Une conversation << évangélique >>…

Concernant Christopher, j’entamai une discussion par « how are you? and what’s your name »? Des questions plutôt basiques et qui ne laissèrent rien entrevoir de mon objectif de lui parler de Jésus; d’autant plus qu’il se joignait à nous, alors il fallait bien faire connaissance! Je n’ai pas tardé à lui poser la question fatidique, et bien évidemment rhétorique.  

<<Do you believe in God? Do you know Jesus?>>. Il me répondit qu’il croit qu’un Dieu existe et qu’il a eu à dormir une fois dans une église. De là, je l’informai de l’existence et de l’amour de Dieu pour lui. Je lui expliquai que Dieu voyait la vie difficile qu’il menait, et qu’il connaissait toutes ces pertes dont il était en train de souffrir. Sa restauration totale ne pouvait se faire que s’il acceptait l’aide de Dieu en commençant par croire réellement en son existence et croire qu’il a sacrifié son unique fils pour lui. Il répliqua qu’en effet, il avait vraiment tout perdu. Cet amour divin était donc ce pourquoi je devais me trouver à cet endroit ce 1er juillet.

Son histoire 

Christopher était âgé de la quarantaine, d’origine polonaise et résidait à Londres depuis bien longtemps. Il avait connu une belle évolution professionnelle, était engagé dans une belle idylle qui devint un mariage et donna naissance à des enfants. Il avait une vie sociale comme tout londonien, fréquentant les pubs de la ville avec un train de vie pouvant faire des envieux.
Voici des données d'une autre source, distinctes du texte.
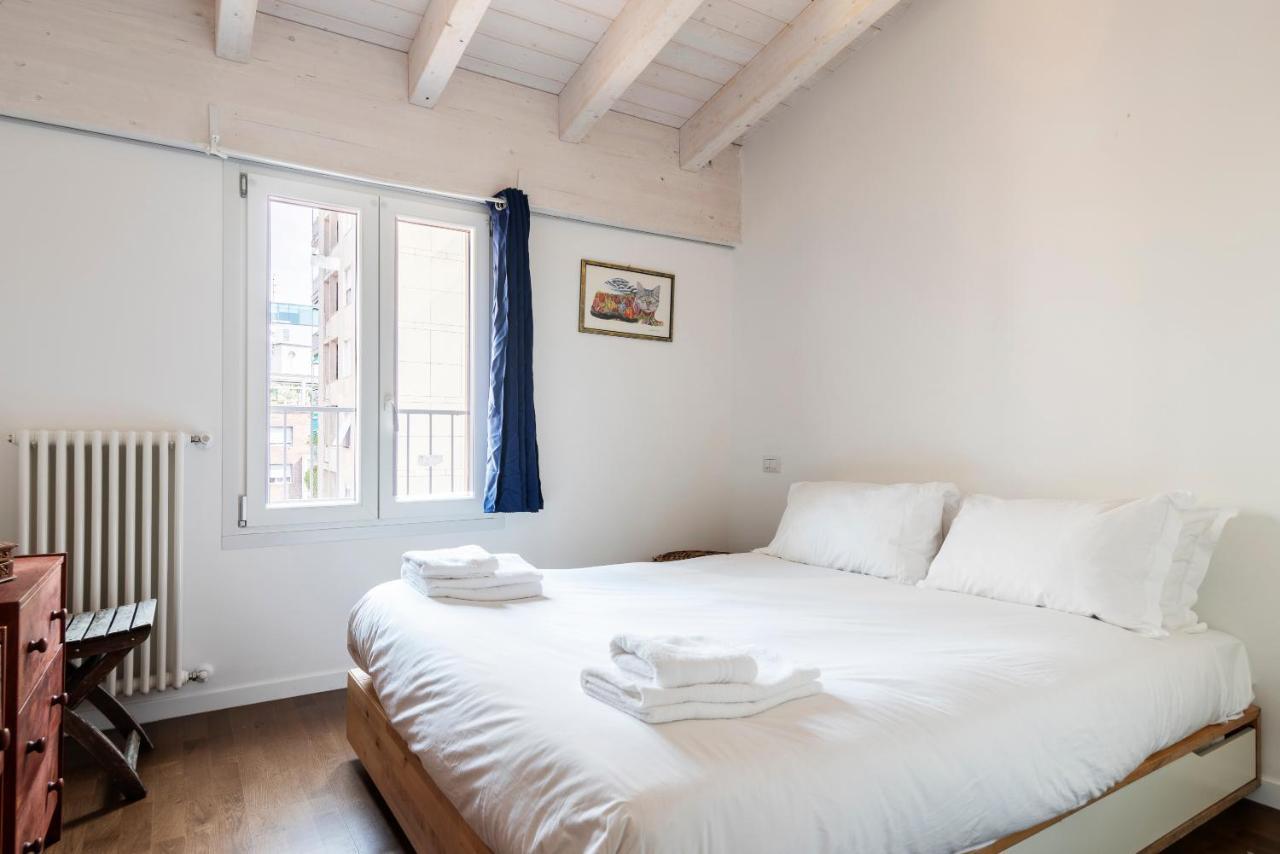 Cozy Apartment Near Central Station Milan Bagian luar foto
Cependant, au fil du temps, il s’est adonné à une boisson qui détruisit sa vie…l’alcool.

Il perdit toute promotion professionnelle à cause de…l’alcool. il se fit virer de plusieurs postes à cause de…l’alcool. Sa femme le quitta avec les enfants et demanda le divorce à cause de… l’alcool. Il perdit sa maison à cause de..l’alcool. Il s’est fait rejeté et éjecté des foyers sociaux à cause de… l’alcool. Et ce que je trouvai encore plus stupéfiant, c’est qu’à l’instant où on discutait, il tenait un sac avec à l’intérieur… une bouteille d’alcool. Comment continuer à chérir quelque chose qui est l’élément destructeur de toute une vie? 

La vulgarisation de l’alcool, un poison dans notre génération

Par ailleurs, j’entends quotidiennement chanter : l’alcool c’est de l’eau. Mes amis, même en blague, l’alcool ce n’est pas de l’eau. Vous me trouverez too serious, mais ça n’engage que moi. Je trouve assez aberrant qu’aujourd’hui, même les enfants en bas âge confessent ce genre de chose. Vous me direz, ce n’est qu’un chant.
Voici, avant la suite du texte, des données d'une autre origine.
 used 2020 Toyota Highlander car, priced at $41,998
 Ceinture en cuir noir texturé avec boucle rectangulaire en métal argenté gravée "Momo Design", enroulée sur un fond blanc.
Oui en effet, ce n’est qu’une chanson qui, à force de répétition, aura une influence sur l’esprit et le sub-conscient de ceux qui sont censés être la relève de demain, et, qui finira par s’inscrire dans les moeurs en devenant une banalité et une norme dans le quotidien. Je pense que nous devons utiliser nos talents pour construire de bonnes valeurs, et non l’inverse. Il serait plus utile d’écrire un chant pour sensibiliser les jeunes contre l’alcool et ses effets, et non pour faire crier tout un peuple « l’alcool c’est de l’eau ». Car je le crois fortement, Christopher est loin d’être le seul à vivre ce genre de situations.
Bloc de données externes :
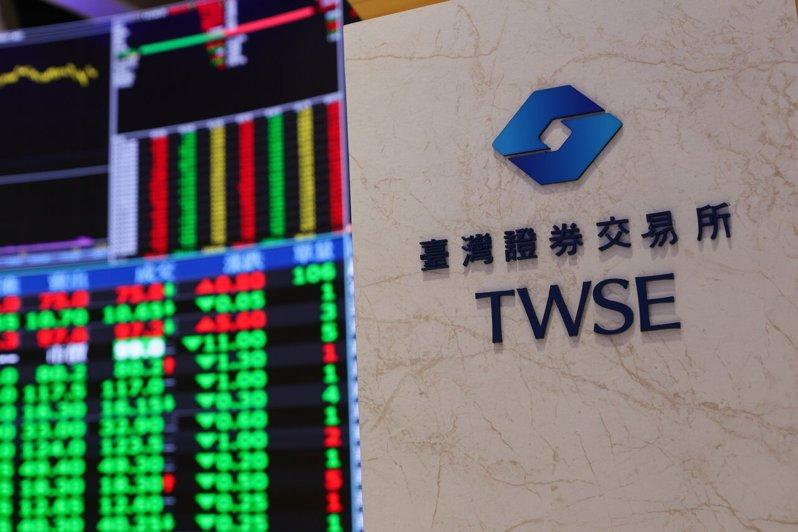 图为台湾证券交易所，AI相关产品需求不断增加，激发了投资人的热情。(欧新社)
Hier soir à la télé française, un reportage a été fait sur les vacances de jeunes américains à Cancun (Mexique) à l’occasion du spring break. Ils le disaient tous; s’ils se rendaient à Cancun, c’est bien parce qu’ils y ont la possibilité de boire de l’alcool à volonté au point de se retrouver dans des caniveaux ou hospitalisés en urgence. Ils ne connaissent certainement pas ce tube qui fait fureur, mais à priori, prennent réellement l’alcool pour de l’eau. Tout excès nuit, l’alcool utilisé comme de l’eau nuit, et pour certains les tue. 

Et si tu te rapprochais de Dieu?

Pour revenir au cas de mon cher Christopher, avant de le quitter, il m’assura que le message était bien passé. Je l’invitai à jeter son alcool et ses cigarettes, qui ne lui seront d’aucune aide. Jusqu’ici, ils n’ont été que la raison de ses maux. Je lui rappelai l’amour de Dieu pour lui et d’accepter cette main qu’il lui tendait; tout en lui expliquant qu’il n’avait pas besoin de protocole pour s’approcher de Dieu. Il fallait juste qu’il lui parle comme à un ami qui serait assis à ses côtés et qu’il lui dise qu’il accepte son aide. Dieu aime quand on a besoin de lui, car c’est dans notre faiblesse et nos limites qu’il manifeste puissamment sa gloire.